Re: [git pull] vfs pile 1 (splice)

From: Christoph Lameter
Date: Mon Oct 10 2016 - 10:03:33 EST


On Sun, 9 Oct 2016, Linus Torvalds wrote:

> Hmm. When I enabled SLUB debugging, I also enabled DEBUG_PAGEALLOC,
> because "why not". But it turns out that that may have been a mistake,
> because it changes the very path that failed to no longer do that
> failing access (or rather, it does it as a "probe_kernel_read()",
> which traps and ignores the failure).

DEBUG_PAGEALLOC significantly changes the layout of objects and thus this
may no longer trigger.

> I'll continue with *just* SLUB debugging on, but I thought it was
> interesting how enabling more memory access debugging actually ends up
> changing some really subtle code.

Debugging options to memory allocation functions can change the memory
layout which may cause the corruption to no longer happen or no longer
happen the same way.

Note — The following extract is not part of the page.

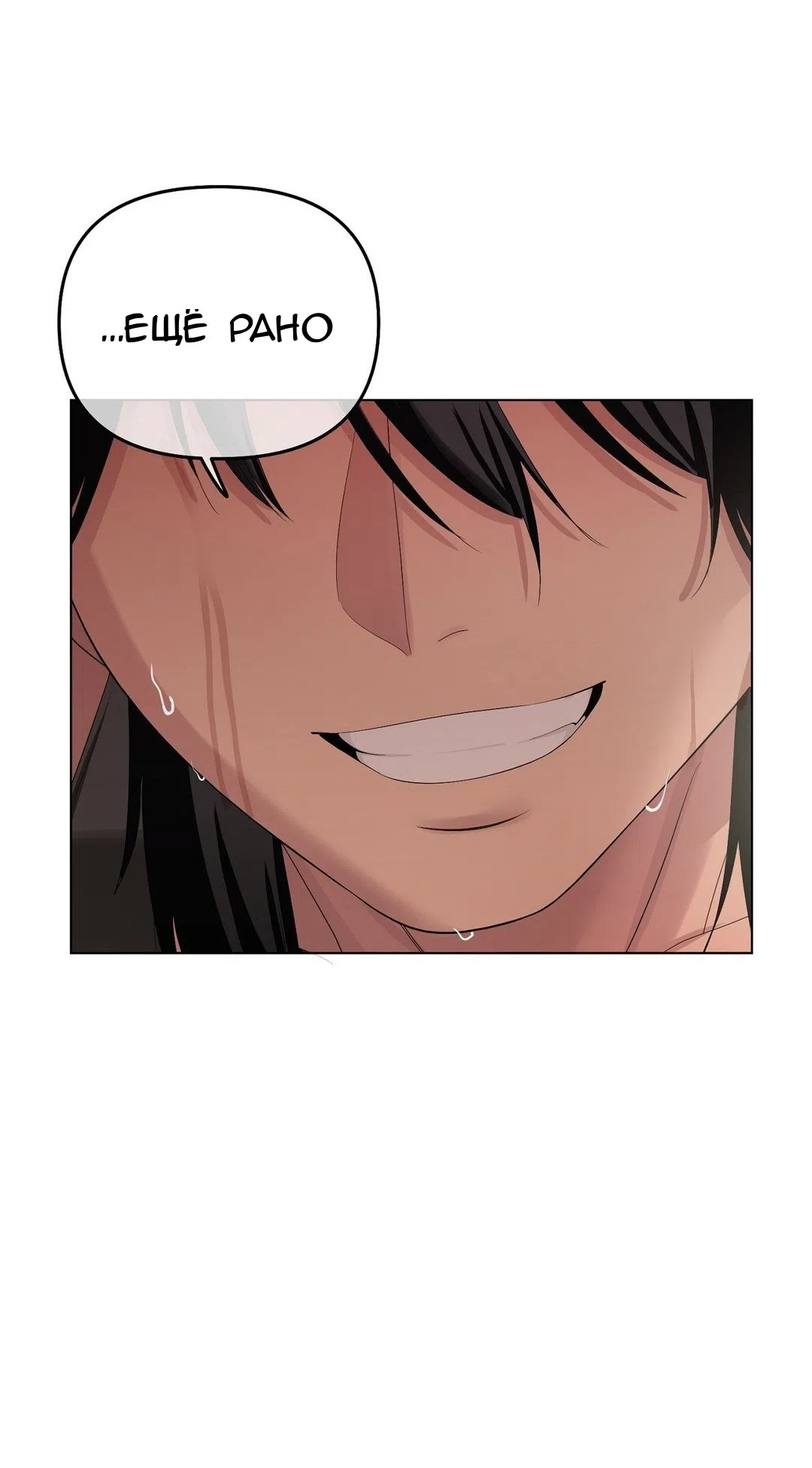 Страница 59 главы 16 манги Парень зверь / baby beast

Surely wish there would be another way.

> Christoph, the problem is that something is triggering an oops or page
> fault (depending on how bogus the address is) in __kmalloc() when it
> does that get_freepointer_safe() thing without DEBUG_PAGEALLOC. I've
> seen two different cases on two different boots, but they both were on
> that one instruction that did that

Hmm.. Then get_freepointer_safe may not be ok. Should not trigger any
faults.

> Could be elsewhere too. I saw it twice in one day which would *tend*
> to mean that it's recent, but maybe I was just lucky the previous days
> and didn't hit it. I haven't been able to repro it now, but maybe I
> figured out one reason why my reproductions have been failing ;)

Ok reading the rest of the thread it seems that we found the issue but
still this get_freepointer_safe failure is not good. Do you have some more
debugging output that can shed some more light on the failure of
get_freepointer_safe?